Two wins at Rockingham Dragway made it three for three HTP Performance Real Street victories so far in 2010. Teasley’s first win of the weekend came on Saturday against New Jersey superstar Rickey Gadson and his Carpenter Race Engines ZX14. Sunday’s Real Street final saw what’s become a common sight—Teasley racing Adams Performance team boss Coby Adams. Since Adams started riding at the AMA Dragbike event at Atco, New Jersey, last year, all but two events in both series have been Jeremy vs. Coby, all-Adams Performance Kawasaki finals. “These bikes of Roger Starrette’s are definitely tough to beat,” said Adams.

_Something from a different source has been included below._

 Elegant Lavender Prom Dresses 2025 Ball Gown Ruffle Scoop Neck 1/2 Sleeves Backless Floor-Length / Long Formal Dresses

Jeremy took the tree against Coby and ran a record-setting 7.83, while Adams wheelied in the right lane and lost. “I don’t know, I didn’t do anything different,” said Adams, who earlier in the day ran his first 7 ever on anything. “Between Jeremy and Chip (Ellis, who beat Adams the weekend before in Martin, Michigan), they seem to set records against me. I’m the only one they really wanna pick on that bad, I guess!”

Teasley, who qualified number 1 with a 7.84, practically apologized for running 7.90s all day until the final. “It looked like we were slacking all day, but we really weren’t,” said Jeremy, holding his two trophies aloft to prove that it all came together in the end. “It’s wheelieing.”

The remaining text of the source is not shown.